I had no idea that these twins had won a competition in Nigeria called “Grab Da Mike”.
I suspect our ministry of education does not know who DJ Space is either. Nor does the music department of Kenyatta University. I can just see the course curriculum: Dis Hip-Hop Course aims to be da Bomb.
We do produce a lot of people who can play da flute. We also can do praise-singing choirs. In our National Schools Music Festival, there is no Hip-Hop category, or anything that came after 1930. There are choirs singing things such as Waltzing Matilda and “Were you ever in Quebec, rowing timber on the deck”.
When I was in school, we had a teacher of great enthusiasm for what they called the set piece. Unfortunately he had a Meru accent which mangled all the hard consonants. The song went something like this: “A pigeon flew over to Galilee, Fre cru”. The choir had to find our inner bird and trill, over and over again, “Fre Cru, fre cru, fre cruuuuuu.” Poor man was only able to say Mblee Clu —
There are categories for sopranos, and altos and choral groups. There is no rhumba or benga. With the exception of the traditional music categories, there is nothing that in any way ties the tastes of any Kenyans or Africans, or even Quebec Canadians I know. There is nothing that ties any known market that has ever existed in Kenya: in pre-colonial Kenya, in post-colonial Kenya, in post-election violence Kenya, in science fiction Kenya. The buyers of the products of the music festival can only be dictators needing praise choirs and retired schoolteachers from small-town America in the late 1930s and the officials of the Music Festival.

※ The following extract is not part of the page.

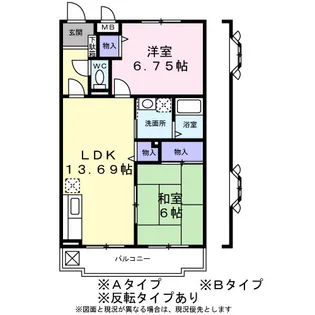 クレスト【0102号室】の間取り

For Kenya to become a middle income country by 2030, our government decided to remove music and art from our syllabus. The idea there I guess, is that there is no money or future in it. South Africa and Senegal make millions of dollars from cultural products—in part because their education systems celebrate local languages and culture.
The reason why Kenyans are bad musicians is because we are out of touch with our own tastes and instincts. The most important thing we learn in school is to demean who we are and where we come from. The reason why Kenyans are so culturally unconfident is because we stand in music halls and pretend to be rowing timber on the deck in Quebec. To this day the lobbies of our five-star hotels play this sort of music.
So while we were trying to be a sort of impossible and imaginary Western person—serving no market or idea—another billion-dollar market quietly landed at the feet of African artists everywhere a few weeks ago.
When the Zain group announced the arrival of a mobile phone network that covers 500-million people, from the Middle East to Nigeria, it fulfilled a vision by the founders of Celtel International to build the first true pan-African mobile phone network—inspired by the Nkrumahs and Marcus Garveys of this world.
Soon, and I mean in a matter of months, we will have a cheap, borderless platform from which to share ideas, music, words and conversations with millions of people. I will be able to produce a song and somebody in minutes in Nigeria or Congo or Gabon will scroll down his phone and buy it.
I will be able to do the same with animation, comic strips, graphic novels, romance ebooks, how-to multimedia and soap operas.
Many businesses are aware of this, as are many policy people, ICT experts and money people in London. But the producers of this content have been caught flat-footed. There is no partnership between capital, policy and artists. It truly escaped the minds of our foggy old policy people that this 20-year-old season called the Information Age is the one of the content creator: Da musician, Da writer, Da artist.
The mobile phone has brought the distribution we have all been dreaming about for over a century.
Already big British and American money is sniffing around to develop this content and sell it back to us. Most of Nairobi’s animators have been bought up.
Harvard now has a team documenting the rise of African hip-hop. Meanwhile, our students stand on stage and sing, “Fre Cru, Fre cru, Fre cru”. That Harvard graduate will be the guy to make the millions of dollars from our own cultural products.